18 · Channels: RGB images and multi-filter convolutions
Real images have 3 channels (RGB) — each CNN filter is 3D (h × w × in_channels) and stacking many filters builds the depth dimension of feature maps.
Real images have 3 channels (RGB) — each conv filter is actually 3D (h × w × in_channels), and you have many such filters.
Without this:
Grayscale-only mental model breaks when you hit ImageNet or any real photo dataset.
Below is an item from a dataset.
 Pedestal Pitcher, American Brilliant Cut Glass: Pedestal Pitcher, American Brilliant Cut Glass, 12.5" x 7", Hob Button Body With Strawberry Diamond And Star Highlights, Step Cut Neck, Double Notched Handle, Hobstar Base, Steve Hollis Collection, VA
Every lesson so far treated images as 2D grids of numbers. Real images are 3D tensors: height × width × channels. For standard colour photos that means 3 channels — Red, Green, Blue. The pixel at position (y, x) is not a single number but a triplet (R, G, B) representing the intensity of each colour component.
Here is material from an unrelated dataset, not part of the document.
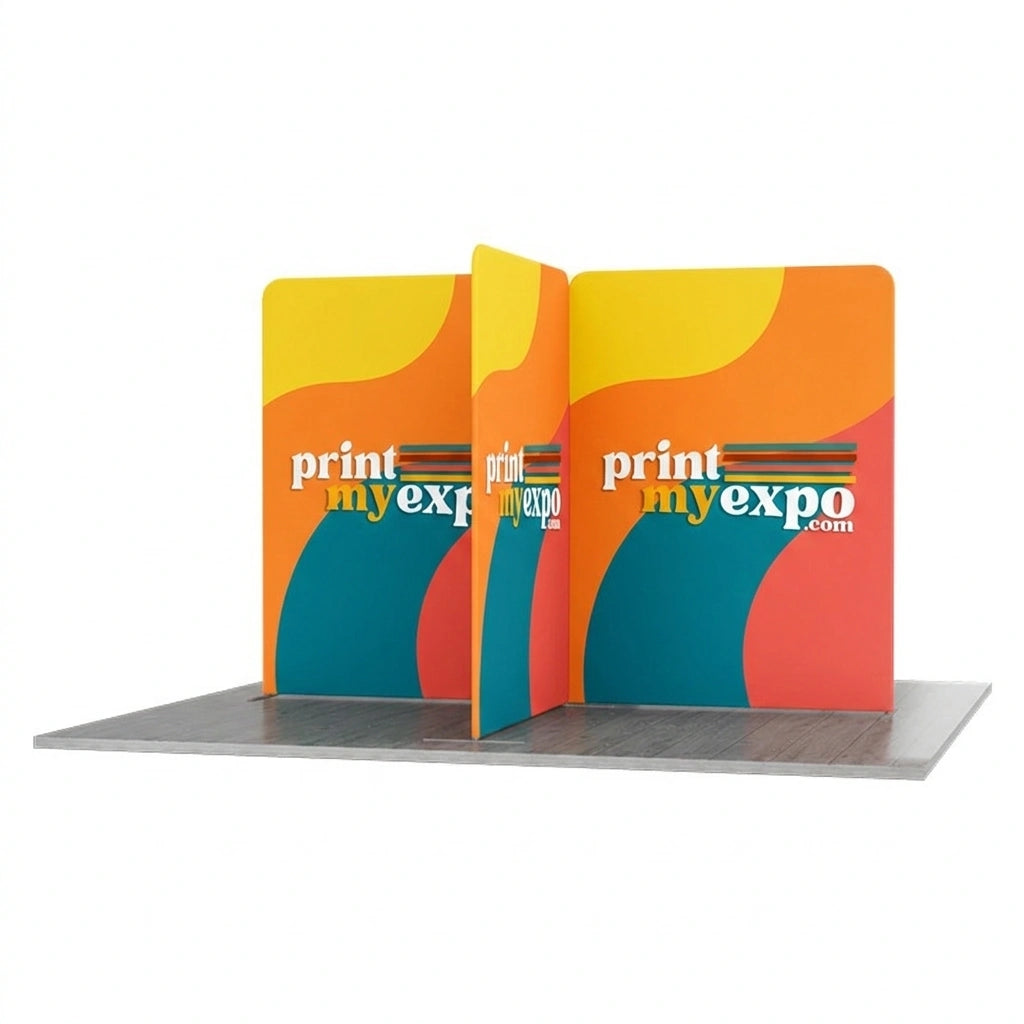 13x13 magnetic modular fabric trade show booth with cross island layout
This has a direct consequence for CNN filters. In the grayscale case a 3×3 filter has 9 weights. For an RGB input, the same "3×3" filter is actually 3×3×3 = 27 weights — a small cube that spans the full depth of the input. The filter computes one dot product between all 27 of its weights and the corresponding 3×3×3 patch of the input, producing a single output value. The output feature map from one such filter is still 2D.
To produce multiple feature maps — detecting different features at each spatial location — you use multiple filters. If you use 32 filters each of size 3×3×3, you get 32 separate 2D feature maps, which are then stacked into a 3D output tensor of shape (out_h, out_w, 32). The 32 output channels are the "depth" of the feature map, completely analogous to the 3 channels of the input RGB image.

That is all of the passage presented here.